“I bowed out of life before it began, for not even in dreams did I find it attractive. Dreams themselves wearied me, and this brought me an extreme and false sensation, as if having come to the end of an infinite road. I overflowed from myself to arrive at an unknown place where I’ve uselessly stagnated. I’m something that I used to be. I’m never where I feel I am, and if I seek myself, I don’t know who’s seeking me.” - Fernando Pessoa an excerpt from “The Book of Disquiet.”
I ended up drafting this post in the back of a cab because I needed an outlet for expression and everything was against me. From the moment I drew breath, I knew I would never know place. I find myself within many places, but when I’m here I’m never really here. For I’ve only ever chosen to dream. Often, and without bounds. The world I dream of is the sweetest flesh I search for. I bleed it. And even when I find myself in possession of it, I keep searching. There’s a terrible longing that exists inside me for where I am not. A neurosis-induced-melancholic-longing of which I do not care to be cured. For the place in my head, the one filled with smoke and ash from the night that came before, is the one I refuse to wake from. And the one I will eternally create as long as I shall live. Yes. I’ve paid the price for dreaming. Because I don’t just live in the world, I live in a world created.
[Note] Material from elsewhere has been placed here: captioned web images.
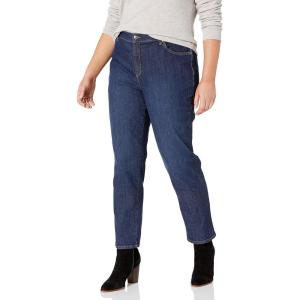 image:imageGloria Vanderbilt Womens Amanda Classic High Rise Tapered Jean PetiteMidnight Affairds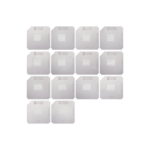 Kit de red de manzana de plantación para A8-A19 Pro (juego de 14 piezas) (YCS)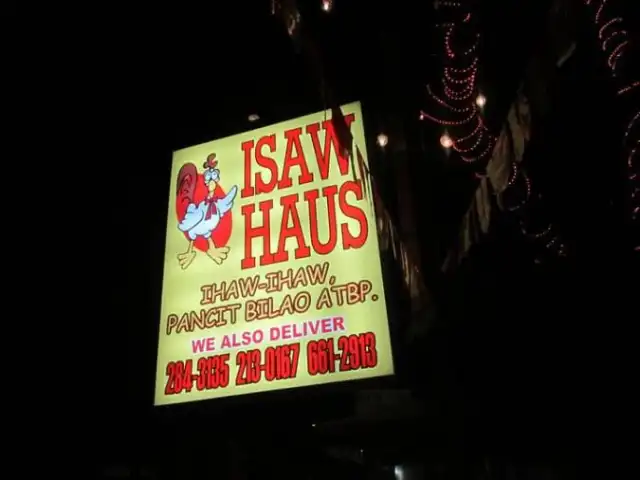 Isaw Haus Food Photo 2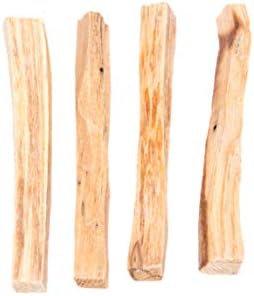 ArOmis Organic Palo Santo Essential Oil - 100% Pure Therapeutic Grade 30ml (1 Fl Oz) - Undiluted, Premium, Oils for Aromatherapy Diffuser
And existing as a silent angel within an illusion does not come without cost.
Melbourne. I found myself here more than I’ve found myself in other places. If there’s anything I know for sure, it’s that life and death are the only two things we are. There’s something about meeting death that teaches you the value of life. One never comes back whole. Fragmented, yes. Torn, yes. Re-assembled, yes. I’ve always found greater life in things broken than complete. And I found life in Melbourne. She was it, for a moment. I don’t hold onto memories. I don’t hold onto feelings. And I only half-remember the places I went and people that I loved. But I remember this.
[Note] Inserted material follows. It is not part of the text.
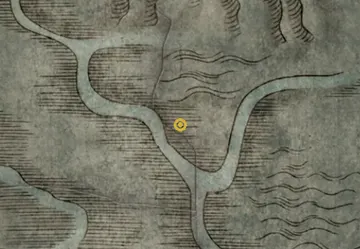 location of Dragonbarrow Cave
I was only in Melbourne for a short week. I shared a short snapshot on stories, and there were so many requests for a definitive list of places I loved and ate. So here it is. I was with my good friend Luisa for part of the time, and when we were together, often dining, we dined well. Ramblr, was a favourite. I smelt of smoke, sandalwood, and musty cigarettes for the next three days. And I wouldn’t have had it any other way. The cauliflower and sticky-eggplant were highlights. Embla, was another favourite. The soured cucumbers and chickpea pancake I fell in complete consummation with. I also loved Marion Wine Bar, Osteria Ilaria, Cumulus Inc, and Higher Ground. And Project Forty Nine, too. Good stracciatella is an addiction of mine, and coupled with the presence of sweet, over-ripe nectarines and the bite from pink peppercorn, it was even more heavenly. As for pastries, I didn’t go past Lune Croissanterie, it’s as good as everyone makes it out to be. And Tivoli Road Bakery, too. A good cannelé is hard to find and Tivoli’s were the best.